====== Information shown

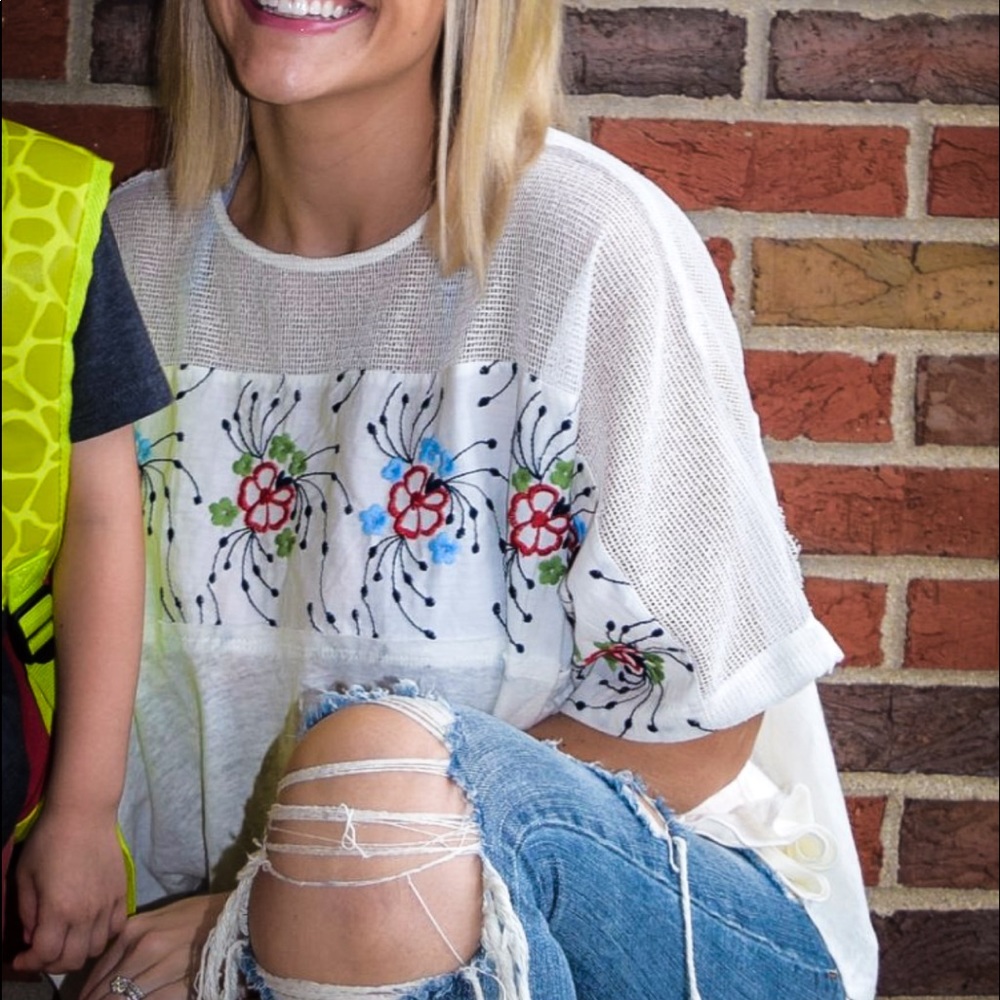 Batwing Airy Boutique Top - Picture 1 of 3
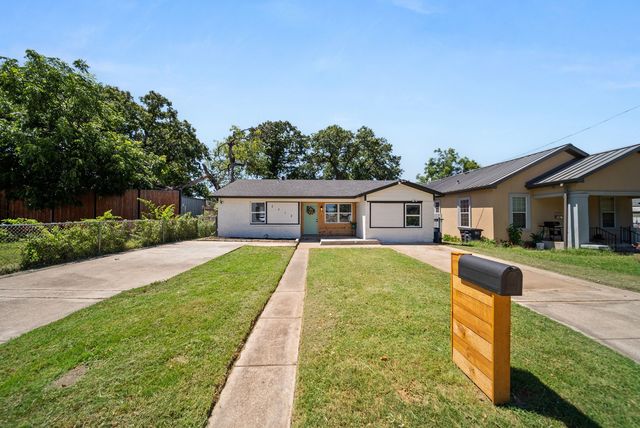2712 E  1st St, Fort Worth, TX 76111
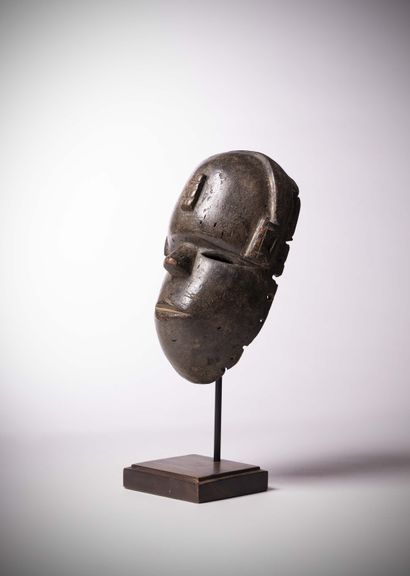 null Ogoni / 

Ibibio (Nigéria) Masque au visage épuré portant trois scarifications...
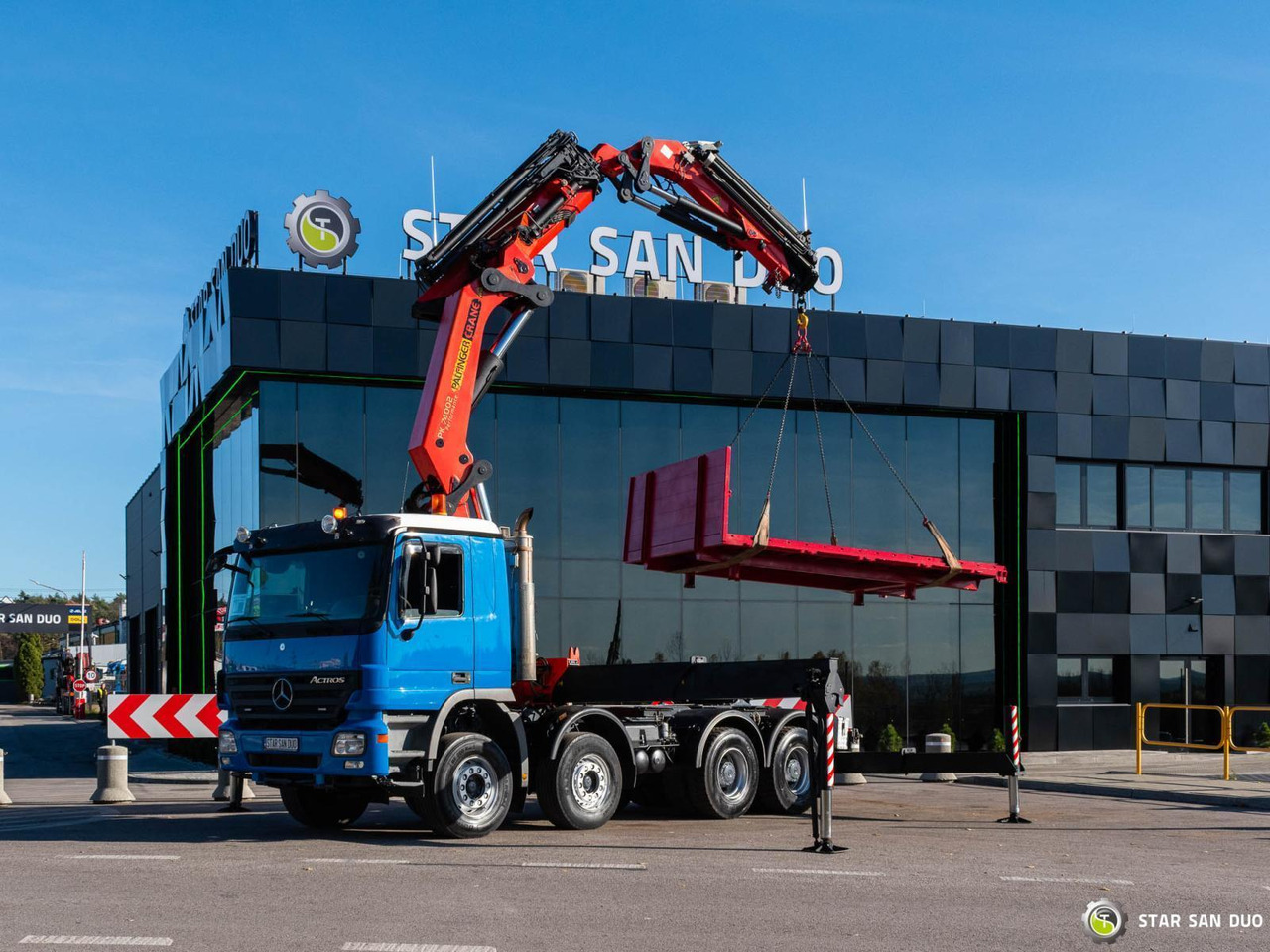 - Camião grua: foto 1 - Camião grua: foto 1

============

◆ How to complete this task ◆
With pictures omitted, copy exactly the lines from the one containing "Worth, TX 76111" through the final line of the listing, both included.

◆ Completed task ◆
2712 E  1st St, Fort Worth, TX 76111
 null Ogoni / 

Ibibio (Nigéria) Masque au visage épuré portant trois scarifications...
 - Camião grua: foto 1 - Camião grua: foto 1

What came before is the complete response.